Coronary vasospasm and acute myocardial infarction: Observed in a 29-year-old man following use of a topical capsaicin patch for 6 days. Improvement was seen after treating symptoms and patch removal (30).
Bilateral acute anterior uveitis: Occurred in a 38-year-old woman 1–2 days after application of an analgesic capsaicin patch for muscular neck pain. Inflammation was controlled within 1 week using topical corticosteroids, and there were no further recurrences over long-term follow-up (31).
Burns at the application site: Cases of serious burns have occurred following use of over-the-counter capsaicin products. In some cases, hospitalization was required.

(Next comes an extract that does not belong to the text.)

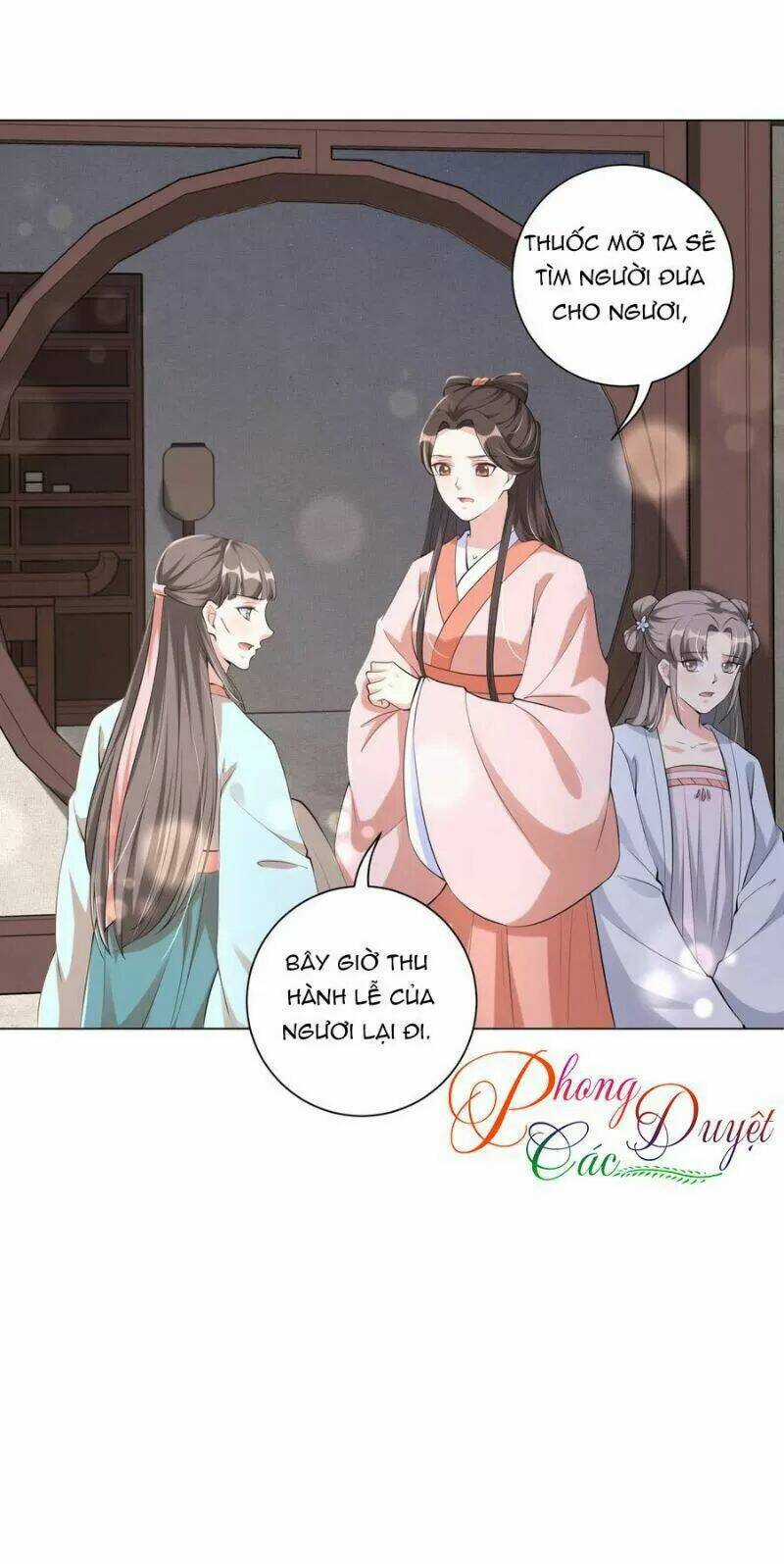 Vương Phi Có Độc! Chapter 110 trang 17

Discontinue use and seek immediate medical attention if pain, swelling, or blistering occur following application (32).
- ACE inhibitors: Topical capsaicin induced cough in a patient taking ACE inhibitors (33).
- Cytochrome P450 substrates: Capsaicin inhibits CYP2C19 and can affect the intracellular concentration of drugs metabolized by this enzyme (35).
- Cytochrome P450 substrates: Capsaicin induces CYP3A4, which may increase the clearance of substrate drugs when used concomitantly (35).